Hill Brian H, Elonen Colleen M, Herlihy Alan T, Jicha Terri M, Serenbetz Gregg
Office of Research and Development, National Health and Environmental Effects Research Laboratory, Mid-Continent Ecology Division, US Environmental Protection Agency, 6201 Congdon Blvd., Duluth, MN 55804, USA.
Department of Fisheries and Wildlife, Oregon State University, Corvallis, OR 97331, USA.
Wetl Ecol Manag. 2018;26(3):425-439. doi: 10.1007/s11273-017-9584-5.
Microbial respiration (R) and ecoenzyme activities (EEA) related to microbial carbon, nitrogen, and phosphorus acquisition were measured in 792 freshwater and estuarine wetlands (representing a cumulative area of 217,480 km) across the continental United States as part of the US EPA's 2011 National Wetland Condition Assessment. EEA stoichiometry was used to construct models for and assess nutrient limitation, carbon use efficiency (CUE), and organic matter decomposition (- ). The wetlands were classified into ten groups based on aggregated ecoregion and wetland type. The wetlands were also assigned to least, intermediate, and most disturbed classes, based on the extent of human influences. Ecoenzyme activity related to C, N and P acquisition, R, CUE, and (- differed among ecoregion-wetland types and, with the exception of C acquisition and (- , among disturbance classes. R and EEA were positively correlated with soil C, N and P content (r = 0.15-0.64) and stoichiometry (r = 0.15-0.48), and negatively correlated with an index of carbon quality (r = - 0.22 to - 0.39). EEA stoichiometry revealed that wetlands were more often P- than N-limited, and that P-limitation increases with increasing disturbance. Our enzyme-based approach for modeling C, N, and P acquisition, and organic matter decomposition, all rooted in stoichiometric theory, provides a mechanism for modeling resource limitations of microbial metabolism and biogeochemical cycling in wetlands. Given the ease of collecting and analyzing soil EEA and their response to wetland disturbance gradients, enzyme stoichiometry models are a cost-effective tool for monitoring ecosystem responses to resource availability and the environmental drivers of microbial metabolism, including those related to global climate changes.

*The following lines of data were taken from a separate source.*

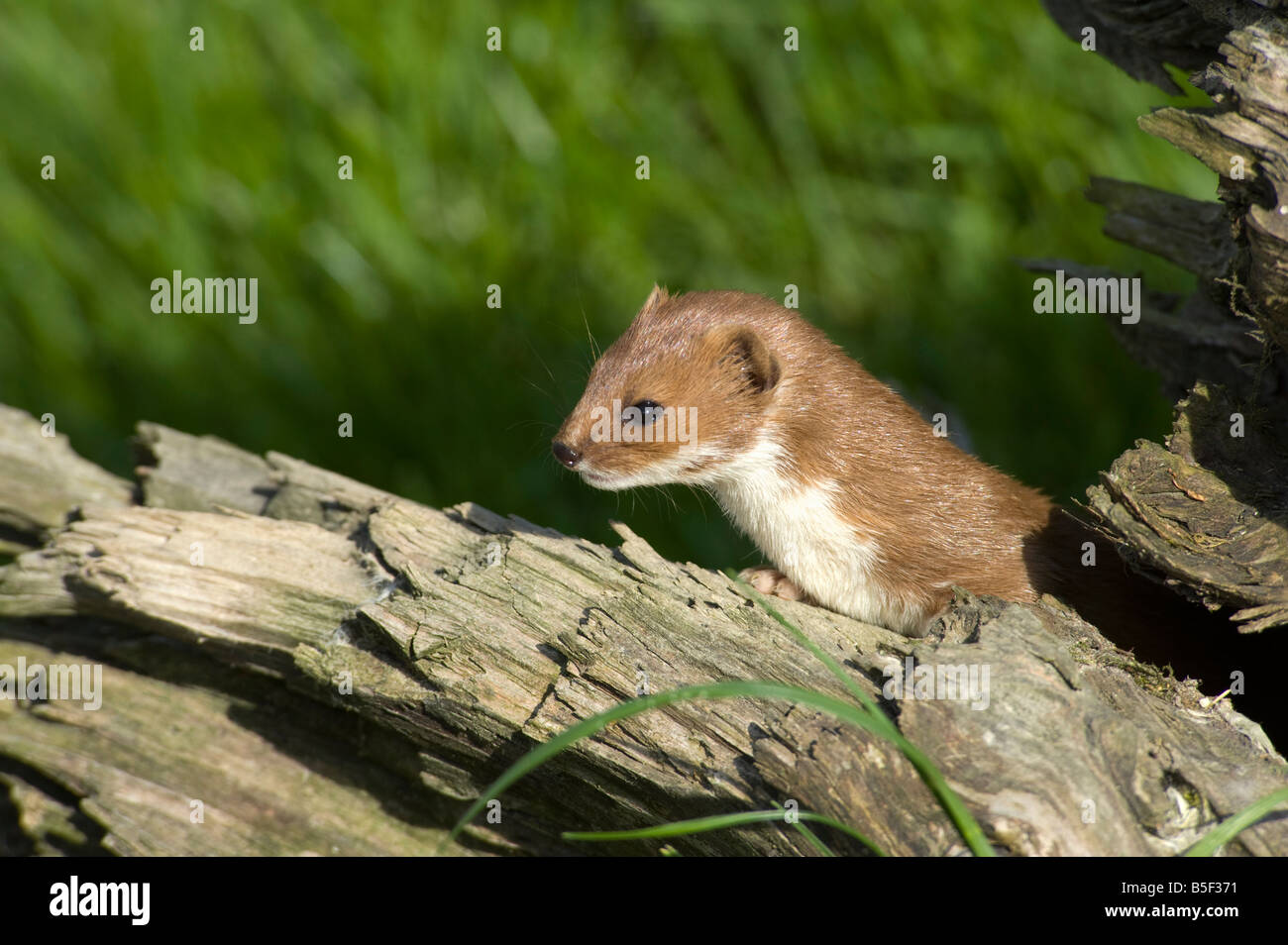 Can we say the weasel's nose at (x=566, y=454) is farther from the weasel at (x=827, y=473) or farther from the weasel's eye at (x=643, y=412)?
the weasel's eye at (x=643, y=412)

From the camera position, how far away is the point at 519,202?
21.5 ft

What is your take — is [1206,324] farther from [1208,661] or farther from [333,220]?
[333,220]

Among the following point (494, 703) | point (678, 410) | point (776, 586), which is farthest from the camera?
point (776, 586)

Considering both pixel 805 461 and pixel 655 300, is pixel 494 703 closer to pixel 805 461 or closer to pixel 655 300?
pixel 805 461

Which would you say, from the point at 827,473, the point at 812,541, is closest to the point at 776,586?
the point at 812,541

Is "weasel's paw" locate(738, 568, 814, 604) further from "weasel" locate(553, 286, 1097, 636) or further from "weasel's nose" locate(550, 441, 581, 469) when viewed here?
"weasel's nose" locate(550, 441, 581, 469)

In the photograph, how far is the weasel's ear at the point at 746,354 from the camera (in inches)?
144

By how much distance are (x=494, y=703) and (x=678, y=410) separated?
106 cm

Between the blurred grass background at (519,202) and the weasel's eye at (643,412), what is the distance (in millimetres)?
2309

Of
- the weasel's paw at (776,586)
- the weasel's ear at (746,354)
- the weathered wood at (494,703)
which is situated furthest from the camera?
the weasel's paw at (776,586)

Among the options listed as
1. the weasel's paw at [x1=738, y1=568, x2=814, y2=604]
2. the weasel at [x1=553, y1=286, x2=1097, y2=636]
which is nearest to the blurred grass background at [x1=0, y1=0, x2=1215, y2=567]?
the weasel's paw at [x1=738, y1=568, x2=814, y2=604]

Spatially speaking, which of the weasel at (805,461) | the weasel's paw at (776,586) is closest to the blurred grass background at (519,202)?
the weasel's paw at (776,586)

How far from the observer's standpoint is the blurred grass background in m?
6.17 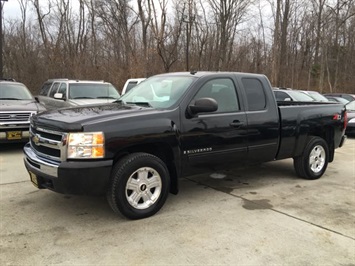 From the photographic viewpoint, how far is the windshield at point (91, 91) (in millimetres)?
11047

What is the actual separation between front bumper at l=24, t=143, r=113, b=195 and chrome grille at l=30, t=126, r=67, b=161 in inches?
4.3

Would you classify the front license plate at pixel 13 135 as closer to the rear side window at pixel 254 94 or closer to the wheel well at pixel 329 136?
the rear side window at pixel 254 94

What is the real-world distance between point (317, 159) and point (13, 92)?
775 centimetres

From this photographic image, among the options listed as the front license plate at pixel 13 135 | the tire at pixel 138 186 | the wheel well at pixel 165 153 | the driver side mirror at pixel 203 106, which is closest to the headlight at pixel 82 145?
the tire at pixel 138 186

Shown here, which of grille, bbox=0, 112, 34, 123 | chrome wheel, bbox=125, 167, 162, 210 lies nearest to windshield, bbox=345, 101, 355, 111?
grille, bbox=0, 112, 34, 123

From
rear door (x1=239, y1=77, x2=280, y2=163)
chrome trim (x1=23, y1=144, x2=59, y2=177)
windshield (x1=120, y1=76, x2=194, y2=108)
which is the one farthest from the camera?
rear door (x1=239, y1=77, x2=280, y2=163)

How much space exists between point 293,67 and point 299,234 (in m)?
35.7

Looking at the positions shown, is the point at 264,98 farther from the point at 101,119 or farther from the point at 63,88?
the point at 63,88

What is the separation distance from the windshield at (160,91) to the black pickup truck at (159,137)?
18 mm

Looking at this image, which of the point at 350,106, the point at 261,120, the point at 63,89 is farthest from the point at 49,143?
the point at 350,106

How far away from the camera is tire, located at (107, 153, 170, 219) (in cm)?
434

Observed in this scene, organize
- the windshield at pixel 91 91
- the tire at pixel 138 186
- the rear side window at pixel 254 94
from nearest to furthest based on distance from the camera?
the tire at pixel 138 186 < the rear side window at pixel 254 94 < the windshield at pixel 91 91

作为美国环境保护局2011年全国湿地状况评估的一部分,在美国大陆的792个淡水和河口湿地(总面积达217,480平方千米)中测量了与微生物碳、氮和磷获取相关的微生物呼吸作用(R)和生态酶活性(EEA)。利用EEA化学计量学构建模型并评估养分限制、碳利用效率(CUE)和有机质分解(-)。这些湿地根据综合生态区域和湿地类型分为十组。根据人类影响程度,湿地还被划分为受干扰最少、中等和最严重的类别。与碳、氮和磷获取、R、CUE以及(-)相关的生态酶活性在生态区域 - 湿地类型之间存在差异,除了碳获取和(-)之外,在干扰类别之间也存在差异。R和EEA与土壤碳、氮和磷含量(r = 0.15 - 0.64)以及化学计量学(r = 0.15 - 0.48)呈正相关,与碳质量指数呈负相关(r = -0.22至 -0.39)。EEA化学计量学表明,湿地中磷限制比氮限制更常见,并且磷限制随着干扰增加而增加。我们基于酶的用于模拟碳、氮和磷获取以及有机质分解的方法,均基于化学计量学理论,为模拟湿地中微生物代谢和生物地球化学循环的资源限制提供了一种机制。鉴于收集和分析土壤EEA的简便性及其对湿地干扰梯度的响应,酶化学计量学模型是监测生态系统对资源可用性响应以及微生物代谢环境驱动因素(包括与全球气候变化相关的因素)的经济有效工具。